As David Cameron was forced into a climbdown on amendments to the foxhunting ban, pictures emerged of an anti-foxhunting rally outside Parliament. And never has a political protest looked so dramatic. Protesters in identical boxy, foxy masks set off suitably orange flares, and the entire spectacle bore more resemblance to a £50-a-ticket immersive theatre production than a ragtag political rally. Which, of course, makes it a roaring success.
These £4.50 cardboard masks, sold as downloadable templates via wintercroft.com, got the protesters and their placards into every newspaper and website, and Twitter was overrun by foxy-boxy faces. Not since V for Vendetta thrust plastic Guy Fawkes masks onto the faces of the Occupy protesters has a mask played such a pivotal political role.

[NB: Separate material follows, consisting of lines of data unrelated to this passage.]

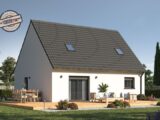 Maison à construire à Montigny (76380) 2651290-4586modele720250606XIWA2.jpeg Les Maisons Extraco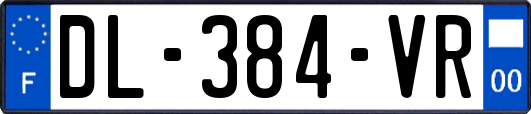 DL-384-VR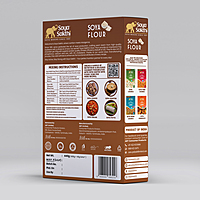 Soya Sakthi - Soya Flour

Politics wasn't exactly the purpose that Steve Wintercroft had in mind for his animal masks, when he began designing and supplying them via craft website Etsy in 2013. "I made my first mask out of necessity," says the 37-year-old designer. "I'd been invited to a friend's fancy dress party, and I always found fancy dress a bit of a pain. Struggling for costume ideas and short of time, I raided the recycling bin and sat down with parcel tape, scissors and plenty of hot tea. An hour or so later, I'd made myself an animal mask."
Steve's geometric animal mask was such a hit at the party that he decided to make the templates available online. "My goal was to create a set of masks that could be built by anyone, using local materials, removing the need for mass manufacturing or shipping and with the minimum environmental impact," he says. "When it comes to fancy dress, masks are a bit of a cop out option – they're easy, but effective."
It turned out that affordable, on-demand geometric fox masks was exactly what the world was crying out for. The mask was an immediate hit, and Wintercroft masks (the templates of which are priced from £1 to £4.50) have now been used in fashion shoots and music videos, and are a popular accessory among festival-goers. Customers can now choose from a unicorn, a ram, a dragon, an owl – an entire The Wicker Man parade, although Steve's current favourite is a fish whose tail tickles the wearer's lower back. The appeal of these gorgeous, well-crafted, recyclable masks is immediately obvious. "Most mass-produced masks are plastic and really pretty nasty, " says Steve. "And good masks were very expensive. Our aim was to offer a product that was cheap, easily accessible, and beautiful."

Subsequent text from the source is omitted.